Start at the line in the entries below that contains "La Quinta Inn", stop at the line that contains "Etagenwohnung Magdeburg Alt", and output exactly the lines in that span, both ends included.

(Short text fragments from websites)
•••••
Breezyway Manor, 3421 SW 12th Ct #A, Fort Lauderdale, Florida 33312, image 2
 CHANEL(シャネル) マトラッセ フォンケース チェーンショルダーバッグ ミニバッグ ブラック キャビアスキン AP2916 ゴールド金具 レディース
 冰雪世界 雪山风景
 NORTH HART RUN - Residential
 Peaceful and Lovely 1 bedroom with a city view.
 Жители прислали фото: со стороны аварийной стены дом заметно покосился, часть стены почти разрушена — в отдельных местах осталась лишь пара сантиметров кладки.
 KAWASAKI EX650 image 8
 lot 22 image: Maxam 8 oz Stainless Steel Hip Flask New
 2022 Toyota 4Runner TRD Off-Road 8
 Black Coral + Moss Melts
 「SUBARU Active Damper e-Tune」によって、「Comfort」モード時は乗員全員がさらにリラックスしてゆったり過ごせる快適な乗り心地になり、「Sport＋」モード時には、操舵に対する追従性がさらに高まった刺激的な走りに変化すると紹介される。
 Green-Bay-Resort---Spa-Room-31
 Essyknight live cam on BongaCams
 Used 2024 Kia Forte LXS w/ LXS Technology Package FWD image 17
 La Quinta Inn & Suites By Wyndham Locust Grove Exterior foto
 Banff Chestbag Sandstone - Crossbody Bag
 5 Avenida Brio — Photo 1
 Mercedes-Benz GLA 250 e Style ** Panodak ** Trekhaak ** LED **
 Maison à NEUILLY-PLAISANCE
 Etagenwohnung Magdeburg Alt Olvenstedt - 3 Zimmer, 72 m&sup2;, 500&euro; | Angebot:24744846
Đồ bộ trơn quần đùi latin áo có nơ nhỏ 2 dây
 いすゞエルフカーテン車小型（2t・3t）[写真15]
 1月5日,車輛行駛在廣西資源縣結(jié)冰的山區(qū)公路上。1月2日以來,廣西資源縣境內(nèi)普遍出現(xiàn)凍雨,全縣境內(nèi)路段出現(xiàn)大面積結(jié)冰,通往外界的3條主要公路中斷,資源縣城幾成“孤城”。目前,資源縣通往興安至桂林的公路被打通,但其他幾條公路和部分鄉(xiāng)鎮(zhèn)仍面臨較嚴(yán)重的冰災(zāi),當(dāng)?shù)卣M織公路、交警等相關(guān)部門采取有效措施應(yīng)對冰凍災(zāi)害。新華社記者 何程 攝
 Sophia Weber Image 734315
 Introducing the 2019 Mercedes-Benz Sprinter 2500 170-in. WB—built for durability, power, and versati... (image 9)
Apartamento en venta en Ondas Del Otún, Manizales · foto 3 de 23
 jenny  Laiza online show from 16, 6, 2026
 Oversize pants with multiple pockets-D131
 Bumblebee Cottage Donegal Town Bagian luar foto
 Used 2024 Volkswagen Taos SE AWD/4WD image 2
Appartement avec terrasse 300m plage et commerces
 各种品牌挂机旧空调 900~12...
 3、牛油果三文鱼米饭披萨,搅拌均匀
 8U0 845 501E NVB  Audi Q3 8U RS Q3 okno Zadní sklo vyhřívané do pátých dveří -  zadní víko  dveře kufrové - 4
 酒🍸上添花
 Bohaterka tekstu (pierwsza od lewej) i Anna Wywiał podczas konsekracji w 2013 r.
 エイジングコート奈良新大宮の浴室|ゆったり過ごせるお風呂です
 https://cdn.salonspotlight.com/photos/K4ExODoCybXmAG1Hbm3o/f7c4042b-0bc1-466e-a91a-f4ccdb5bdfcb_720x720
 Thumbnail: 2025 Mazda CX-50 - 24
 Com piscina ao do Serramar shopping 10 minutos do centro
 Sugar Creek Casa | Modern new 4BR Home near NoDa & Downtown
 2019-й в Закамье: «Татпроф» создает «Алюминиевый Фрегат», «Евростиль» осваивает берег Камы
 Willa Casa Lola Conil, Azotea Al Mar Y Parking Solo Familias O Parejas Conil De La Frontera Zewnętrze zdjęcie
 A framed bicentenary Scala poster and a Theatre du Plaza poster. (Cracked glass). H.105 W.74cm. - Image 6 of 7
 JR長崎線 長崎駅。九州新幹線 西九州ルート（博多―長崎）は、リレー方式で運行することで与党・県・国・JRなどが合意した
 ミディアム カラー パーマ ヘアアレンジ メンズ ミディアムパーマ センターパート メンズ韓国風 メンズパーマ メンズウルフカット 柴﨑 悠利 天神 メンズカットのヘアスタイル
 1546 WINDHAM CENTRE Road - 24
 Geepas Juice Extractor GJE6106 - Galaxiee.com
•••••
## Expected output
 La Quinta Inn & Suites By Wyndham Locust Grove Exterior foto
 Banff Chestbag Sandstone - Crossbody Bag
 5 Avenida Brio — Photo 1
 Mercedes-Benz GLA 250 e Style ** Panodak ** Trekhaak ** LED **
 Maison à NEUILLY-PLAISANCE
 Etagenwohnung Magdeburg Alt Olvenstedt - 3 Zimmer, 72 m&sup2;, 500&euro; | Angebot:24744846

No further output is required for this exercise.